-- Exercise objective --
Please set down each record exactly as it appears, but leave out any pictures.

-- Input --
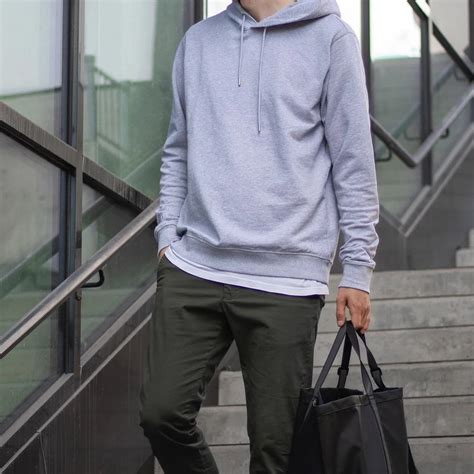 11 Pullover Hoodies For All Day Comfort And Effortless Off Duty Style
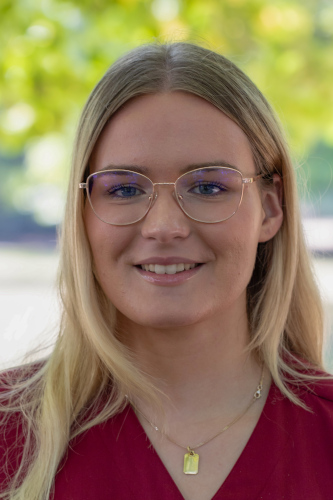 Laura Muth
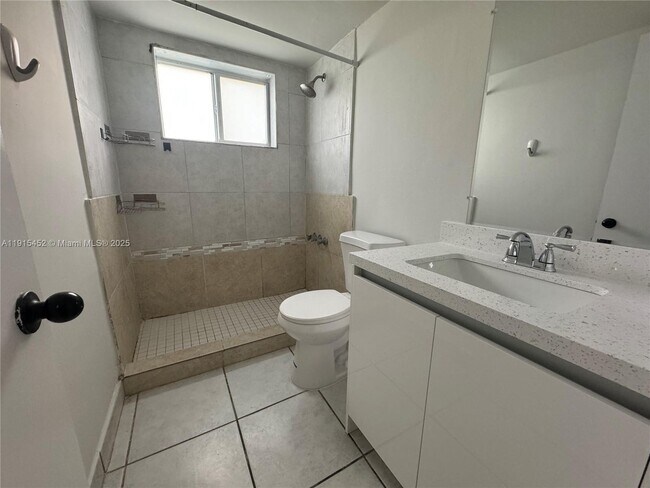 Building Photo - 1060 Crystal Lake Dr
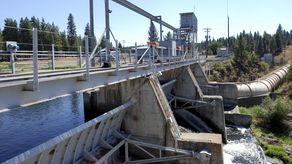 Si se lo aprueba, las partes que supervisan el proyecto aceptarán la transferencia de licencias y podrían iniciar la demolición de las represas a mediados del año próximo.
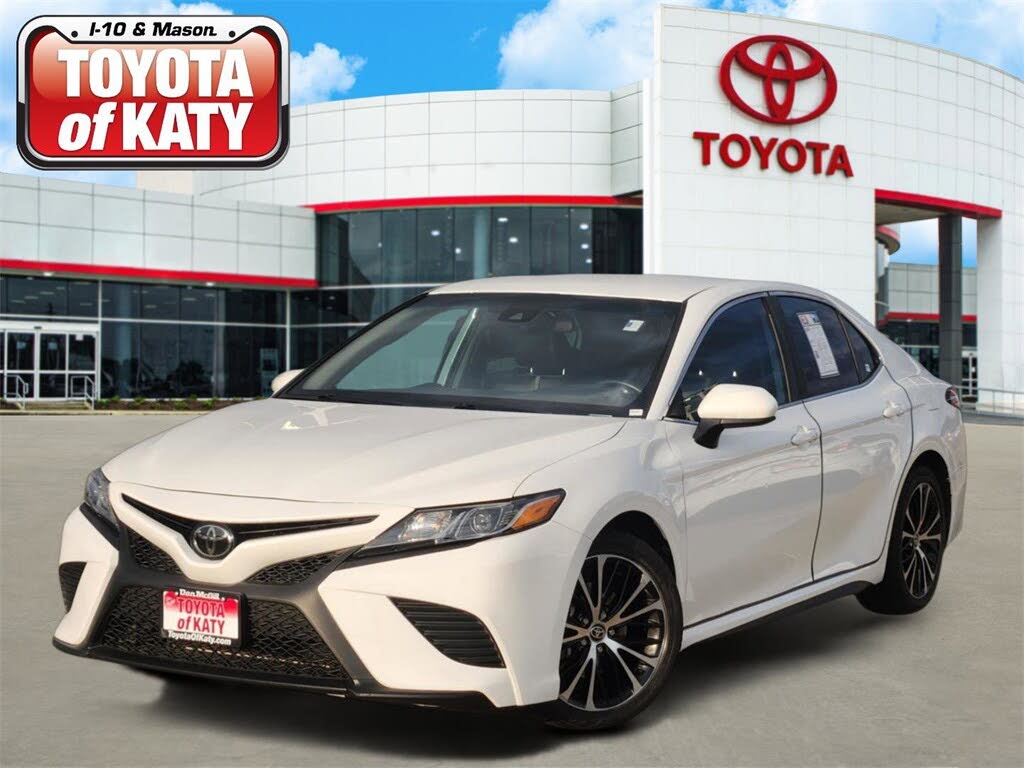 2020 Toyota Camry SE Nightshade FWD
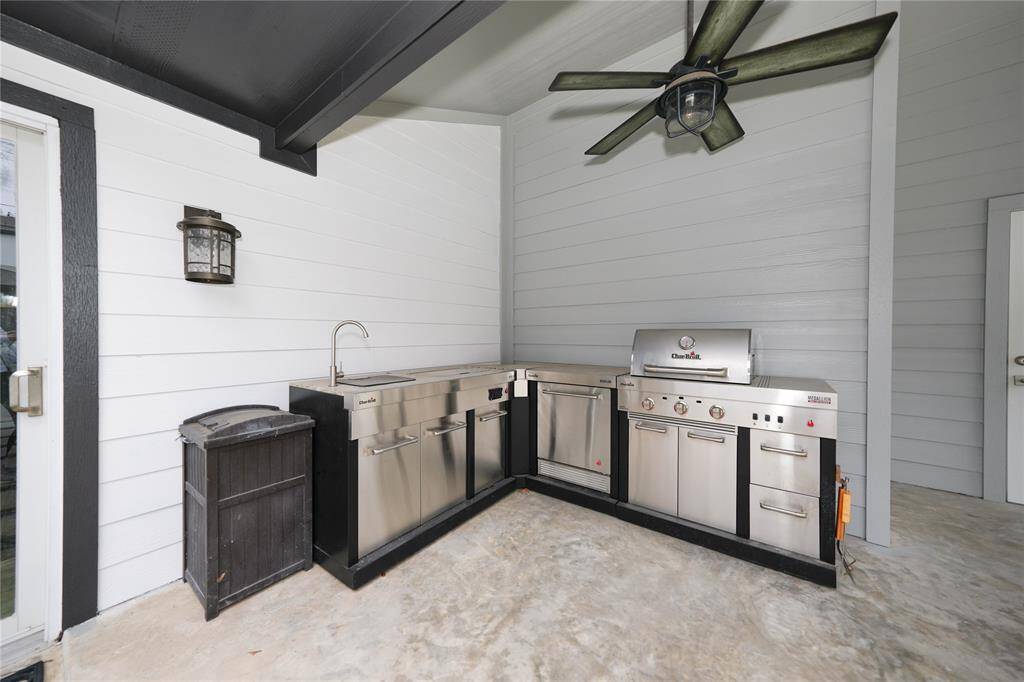 outdoor kitchen
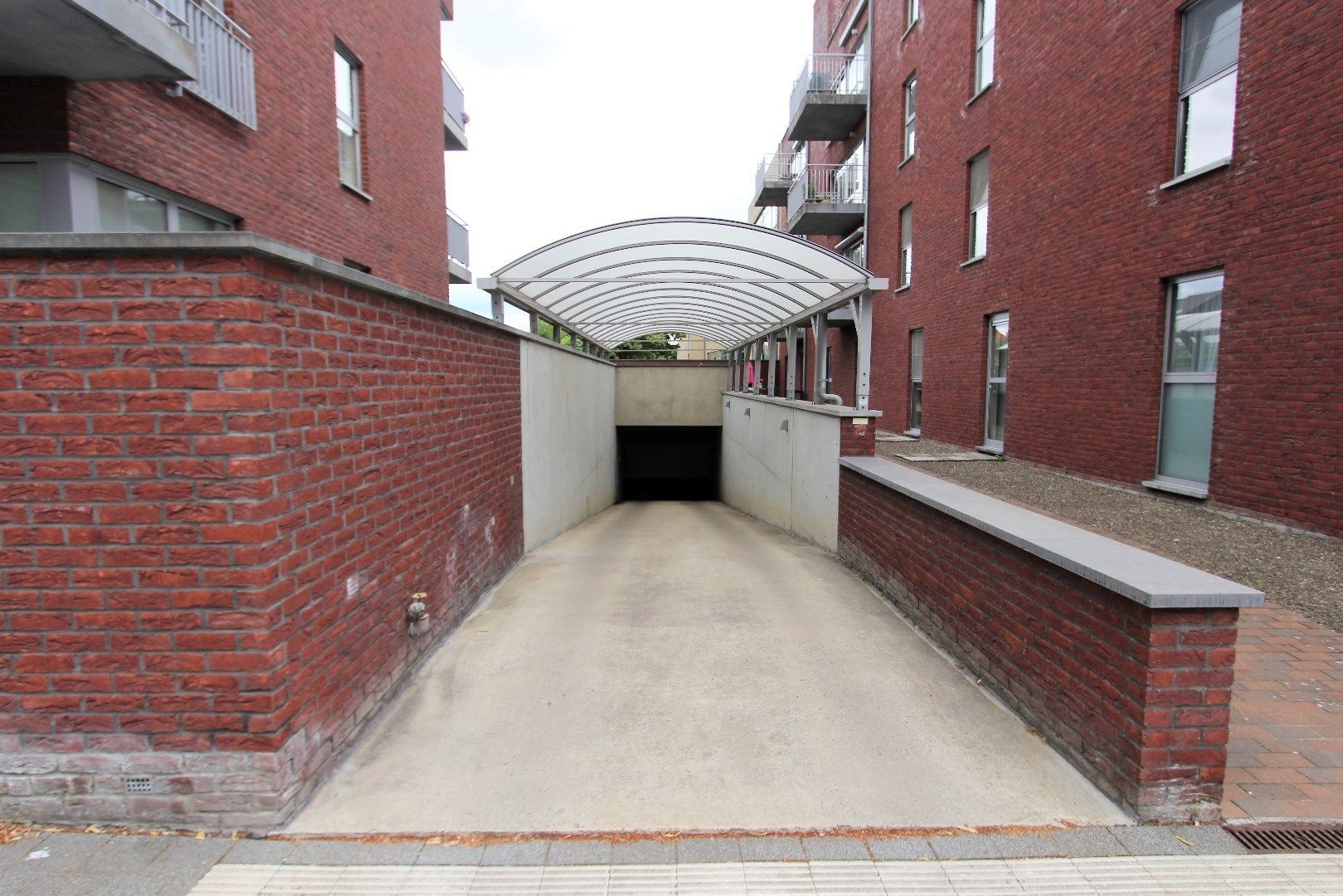 Recent appartement met private parking - stadscentrum Tongeren foto 15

-- Output for this task --
 11 Pullover Hoodies For All Day Comfort And Effortless Off Duty Style
 Laura Muth
 Building Photo - 1060 Crystal Lake Dr
 Si se lo aprueba, las partes que supervisan el proyecto aceptarán la transferencia de licencias y podrían iniciar la demolición de las represas a mediados del año próximo.
 2020 Toyota Camry SE Nightshade FWD
 outdoor kitchen
 Recent appartement met private parking - stadscentrum Tongeren foto 15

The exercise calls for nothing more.